Macro-micro experimental study of rock static and dynamic fracture toughness

基于直切槽半圆盘弯曲(notched semi-circle bend,NSCB)试件及断裂韧性测试方法,分别对北京房山花岗岩样品实施了静态和动态断裂韧性试验,获得了其静态与动态断裂韧度的定量关系,发现在文中采用的中高应变率条件下,动态断裂韧度值为静态断裂韧度值的1.3~2.6倍。采用不同表面形貌刻画技术(SEM、激光共聚焦显微镜、高速摄像机等)对破坏岩样的表面形貌进行观测与表征,获得了岩石表面的三维重构及其粗糙度,其静态和动态断裂都是呈I型裂纹拉伸破坏模式,动态与静态裂纹扩展差异的原因在于应力波在岩样内部界面处的来回反射,诱导微裂纹的萌生、汇合与贯通;裂纹传播过程均经历了加速阶段和减速阶段,裂纹传播速度与其表面三维形貌重构的相对高度变化趋势一致,同样与表面粗糙度变化规律相吻合。岩石静态与动态行为的本质区别是:材料在动态加载时所表现出来的率效应(惯性效应),与材料自身由物理、几何引起的结构效应,此两类效应存在相互抵消、此消彼长的本质属性。

The notched semi-circle bend(NSCB) specimen and fracture toughness test method was used to measure the static and dynamic fracture toughness of Beijing Fangshan granite samples. The results showed the dynamic fracture toughness is generally 1.3~2.6 times the static fracture toughness for medium and high strain rates. The surface morphologies of the damaged rock samples were then characterized using SEM and a laser confocal microscope for three-dimensional reconstructions of the fractures and surface roughnesses.

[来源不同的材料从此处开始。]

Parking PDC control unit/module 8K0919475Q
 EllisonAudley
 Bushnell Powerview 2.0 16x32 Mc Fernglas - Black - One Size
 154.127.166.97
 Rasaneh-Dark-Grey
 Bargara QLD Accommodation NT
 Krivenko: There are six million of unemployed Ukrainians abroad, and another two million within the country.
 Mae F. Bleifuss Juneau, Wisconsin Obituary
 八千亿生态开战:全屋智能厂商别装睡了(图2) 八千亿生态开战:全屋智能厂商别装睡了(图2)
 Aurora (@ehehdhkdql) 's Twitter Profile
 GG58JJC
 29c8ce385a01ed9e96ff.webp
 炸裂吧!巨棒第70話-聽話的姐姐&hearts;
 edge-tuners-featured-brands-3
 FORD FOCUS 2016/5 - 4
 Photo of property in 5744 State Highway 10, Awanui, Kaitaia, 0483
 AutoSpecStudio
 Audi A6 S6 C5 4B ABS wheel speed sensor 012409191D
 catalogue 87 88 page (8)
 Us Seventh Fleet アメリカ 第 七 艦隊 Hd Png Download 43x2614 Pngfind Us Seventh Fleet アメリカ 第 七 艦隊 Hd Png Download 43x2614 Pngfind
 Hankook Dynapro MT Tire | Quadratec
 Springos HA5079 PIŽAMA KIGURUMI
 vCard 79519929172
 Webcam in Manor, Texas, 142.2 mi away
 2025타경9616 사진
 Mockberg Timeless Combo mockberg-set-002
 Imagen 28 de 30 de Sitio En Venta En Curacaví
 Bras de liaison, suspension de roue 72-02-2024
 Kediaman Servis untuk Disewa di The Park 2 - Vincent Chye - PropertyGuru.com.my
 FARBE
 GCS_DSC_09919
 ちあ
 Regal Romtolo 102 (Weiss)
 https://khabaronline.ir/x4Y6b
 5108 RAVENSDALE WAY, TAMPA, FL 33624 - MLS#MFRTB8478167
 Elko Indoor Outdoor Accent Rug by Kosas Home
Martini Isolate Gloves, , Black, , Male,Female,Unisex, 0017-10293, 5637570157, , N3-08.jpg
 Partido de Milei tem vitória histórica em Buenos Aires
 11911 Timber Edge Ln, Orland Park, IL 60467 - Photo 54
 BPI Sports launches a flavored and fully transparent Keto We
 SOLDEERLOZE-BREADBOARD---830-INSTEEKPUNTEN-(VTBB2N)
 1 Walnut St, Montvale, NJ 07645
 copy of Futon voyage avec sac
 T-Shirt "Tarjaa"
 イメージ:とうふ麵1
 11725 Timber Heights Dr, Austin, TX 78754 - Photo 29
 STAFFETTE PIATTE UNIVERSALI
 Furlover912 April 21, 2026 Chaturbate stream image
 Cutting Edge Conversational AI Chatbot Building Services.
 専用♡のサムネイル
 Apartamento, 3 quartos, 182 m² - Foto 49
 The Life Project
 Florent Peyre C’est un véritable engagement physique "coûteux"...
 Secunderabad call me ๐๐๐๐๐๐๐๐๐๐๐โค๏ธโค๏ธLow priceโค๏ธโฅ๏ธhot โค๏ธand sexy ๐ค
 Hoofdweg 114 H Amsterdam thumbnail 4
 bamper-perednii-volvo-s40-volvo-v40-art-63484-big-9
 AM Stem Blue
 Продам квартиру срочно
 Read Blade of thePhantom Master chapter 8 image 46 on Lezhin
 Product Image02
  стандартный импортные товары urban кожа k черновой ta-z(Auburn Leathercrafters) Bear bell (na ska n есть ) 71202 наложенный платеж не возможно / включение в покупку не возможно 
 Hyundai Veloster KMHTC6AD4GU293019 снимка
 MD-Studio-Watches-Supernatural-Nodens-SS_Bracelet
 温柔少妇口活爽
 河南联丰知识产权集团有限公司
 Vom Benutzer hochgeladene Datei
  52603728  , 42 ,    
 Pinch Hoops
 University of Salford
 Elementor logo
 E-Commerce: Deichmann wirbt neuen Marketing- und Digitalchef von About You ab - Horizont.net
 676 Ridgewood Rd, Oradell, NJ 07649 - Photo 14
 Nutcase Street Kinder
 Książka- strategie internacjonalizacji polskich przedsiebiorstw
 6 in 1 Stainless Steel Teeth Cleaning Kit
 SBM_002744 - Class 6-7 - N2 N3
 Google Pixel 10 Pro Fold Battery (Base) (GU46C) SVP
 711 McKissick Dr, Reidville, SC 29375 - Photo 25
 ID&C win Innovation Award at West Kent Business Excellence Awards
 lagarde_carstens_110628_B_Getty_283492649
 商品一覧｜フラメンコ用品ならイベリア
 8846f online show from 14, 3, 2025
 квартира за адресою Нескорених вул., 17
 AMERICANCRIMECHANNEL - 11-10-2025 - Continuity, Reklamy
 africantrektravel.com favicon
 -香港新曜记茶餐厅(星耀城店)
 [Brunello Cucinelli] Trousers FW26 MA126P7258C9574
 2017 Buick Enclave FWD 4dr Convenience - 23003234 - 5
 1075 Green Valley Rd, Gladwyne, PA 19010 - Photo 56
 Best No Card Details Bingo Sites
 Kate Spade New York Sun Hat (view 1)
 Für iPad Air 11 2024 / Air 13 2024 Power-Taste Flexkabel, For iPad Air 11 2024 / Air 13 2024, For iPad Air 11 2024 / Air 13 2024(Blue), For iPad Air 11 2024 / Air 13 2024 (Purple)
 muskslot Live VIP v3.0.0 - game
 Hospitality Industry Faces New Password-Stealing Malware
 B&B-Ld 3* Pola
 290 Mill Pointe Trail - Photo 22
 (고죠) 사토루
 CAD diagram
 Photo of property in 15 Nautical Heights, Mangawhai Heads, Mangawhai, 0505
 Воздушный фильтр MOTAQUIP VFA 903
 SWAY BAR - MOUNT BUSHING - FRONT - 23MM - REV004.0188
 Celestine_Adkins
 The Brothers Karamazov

The static and dynamic fracture modes were both mode I crack tensile failures. The difference between the dynamic and static crack growth was that the stress wave in the dynamic tests reflected back and forth at the internal interface of rock sample which induced micro-cracks and accelerated the convergence and penetration of existing and new cracks. The crack propagation had acceleration and deceleration stages with the changes in the rock crack propagation speed consistent with the relative height of the reconstructed three-dimensional rock surface morphology, which also corresponded to the rock surface roughness variations. The key difference between the static and dynamic behavior is that the rate effect(inertia effect) during dynamic loading tends to counteract the structural effects of the physical and geometric properties of the rock material itself.